Even if you’re afraid of heights, this is one pinnacle I wish you could stand upon. Many consider it one of the most sacred sites in all of Dark Ages history. Today I’ve invited my young friends from the School of Architecture here at Andrews University to share with you the story of that unforgettable day when together we stood atop the Castelluzzo, that infamous rock tower high above the alpine valleys of northwest Italy and immortalized in John Milton’s sonnet, “On the Late Massacre in Piedmont”:
Avenge, O Lord, thy slaughtered saints, whose bones
Lie scattered on the Alpine mountains cold;
Even them who kept thy truth so pure of old,
When all our fathers worshiped stocks and stones,
Forget not: in thy book record their groans . . . .
But how can one brief moment of worship possibly capture the crimson drama of the Waldenses? And why make their intrepid preservation of the light of Holy Scripture through five hundred long years of spiritual darkness our theme for Alumni Sabbath? After all, the world and Christendom have long forgotten the “Bloody Easter” (April 24, 1655) massacre of those hapless innocents—a crime against humanity so unspeakable that when Sir Oliver Cromwell read the eyewitness accounts of the slaughter, he declared a day of fasting and prayer across England. But why should we care today?

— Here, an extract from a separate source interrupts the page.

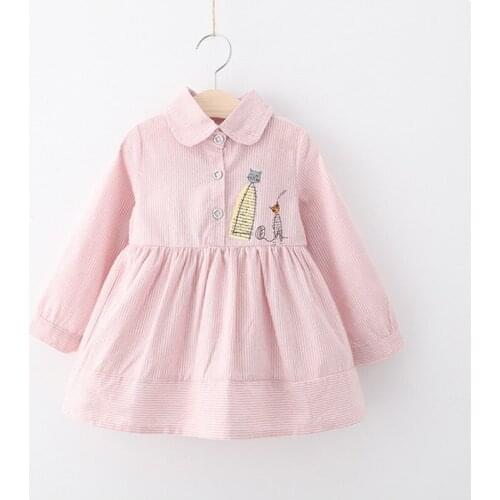 2019 children spring clothing Kids Girls new fashion long sleeve cute cartoon print striped cotton Dress 3-8 years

Because in the fulfillment of the Apocalypse’s cryptic words in Revelation 12—the vision tale of a woman fleeing from an ancient Serpent into a barren wilderness and there hidden by God for the long, dark ages of medieval Christianity—in that fulfillment still witnessed to by the silent rocky sentinels of the Piedmonts is the unspoken assurance that the God who has preserved ancient truth through the crimson centuries since Calvary, the same God who raised up this university over a century ago, is the very God who will yet proclaim that very truth to this generation through the remnant seed of that very woman. For that reason their story is ours.
For as surely as Almighty God called upon the men, women and children of those cloistered valleys long ago, he is calling upon the men, women and children of this generation to embrace the missional legacy of the Waldensian people, captured in their Latin motto, Lux lucet in tenebris. “The light shines in darkness.” Indeed it did. And indeed it must. Yet. In your life and mine. Shine into the gathering darkness of a culture and world desperate for even the fragments of the only Light who can yet heal this world he loves.